Having knowledge in areas like payroll, cost-benefit analysis and basic accounting enables HR to align business goals with budgets while making data-driven decisions about outgoings and expenses. HR leaders can also initiate cost-saving suggestions related to multiple business facets like talent, learning and strategic direction.
HR teams can work in close tandem with finance to ensure that forecasts are accurate, even finding real-time collaboration solutions that can make decision-making easier and more instantaneous.
7. Instructional design and facilitation
A core function of HR is developing the skills and capabilities of talent through learning initiatives. To excel here, modern HR pros should be adept at:
- Assess the training needs of employees
- Identify upskilling opportunities
- Applying instructional design principles to instigate training
- Harnessing technologies like mobile and social learning
- Measuring training effectiveness and areas for improvement
8. Digital content creation
Creating digital content is a vital activity for HR teams that are often tasked with being one of the ‘public’ faces of a business.
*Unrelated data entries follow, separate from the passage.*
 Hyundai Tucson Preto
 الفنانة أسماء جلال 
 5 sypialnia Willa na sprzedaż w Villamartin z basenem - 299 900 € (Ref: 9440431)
From internal employee communications to customer-facing social media content, HR pros prove adept at producing digital media in various formats.
Key skills include:
- Instructional writing
- Basic graphic design
- Presentation development
- Video creation and editing
While skills like the above may be the remit of outsourced marketing professionals or other internal teams of a business, HR teams may be expected to publicly dispense materials for PR purposes or external stakeholder consideration.
9. People analytics
People analytics focuses on applying data science techniques to talent management challenges. As analytics gains traction in HR, developing capabilities in this emerging field can give your career a competitive edge.
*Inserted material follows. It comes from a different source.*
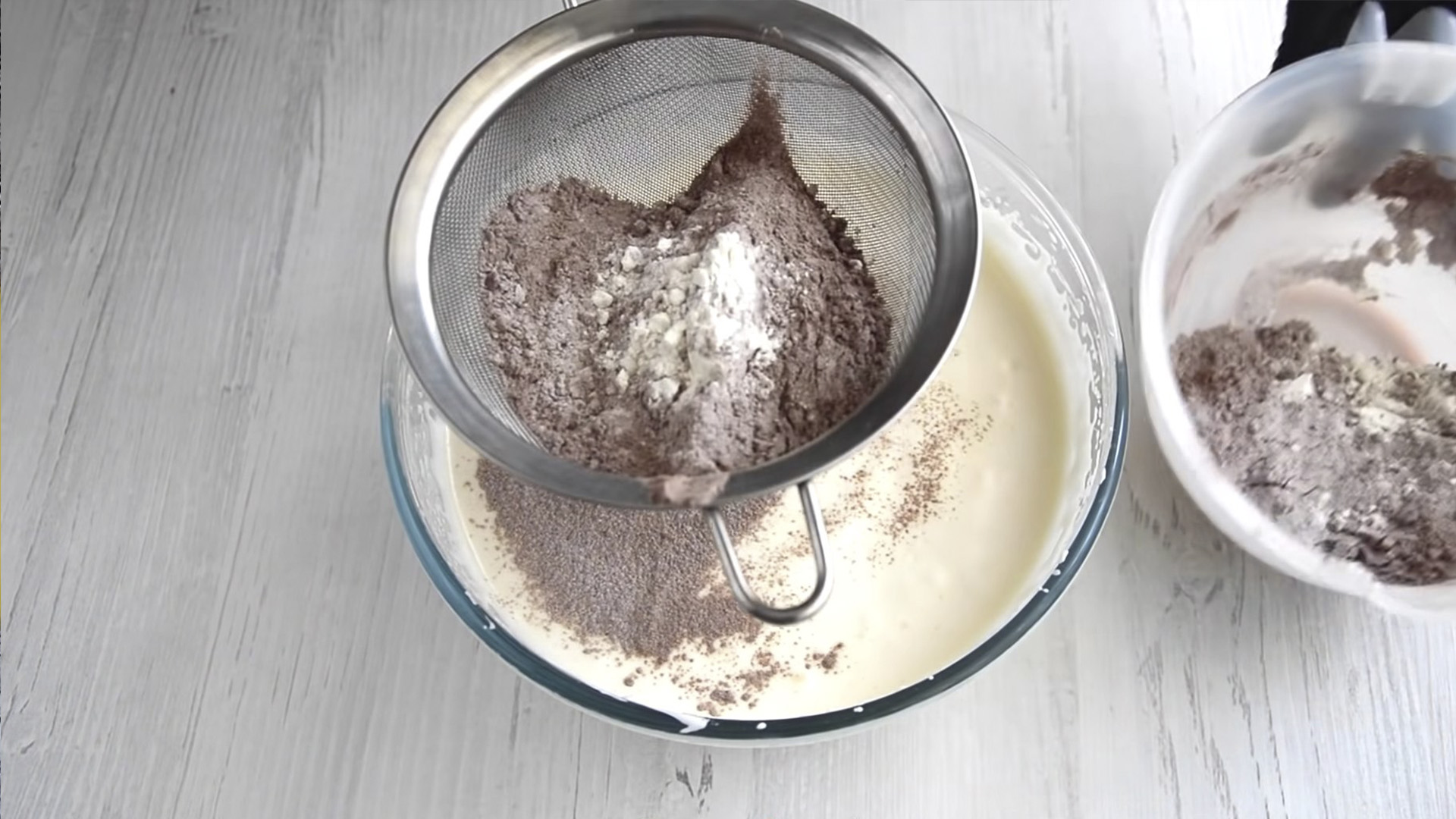 Recipe - Klasikong Chocolate Bento Cake Sponge - Hakbang 3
Key people analytics skills include identifying correlations in workforce data to make predictions, presenting insights and metrics through data visualisation and assessing business and people performance at monthly or quarterly directors’ meetings, among others.
People analytics training can be highly beneficial as a technical competency for many HR teams that rely heavily on data.
Raising your technology game
HR teams play an integral role in recruiting and developing talent, guiding employee experience, and aligning people strategy with wider business objectives. By cultivating expertise in the key technology skill areas listed above, HR professionals can optimally fulfil these responsibilities in our increasingly digital-driven world of work.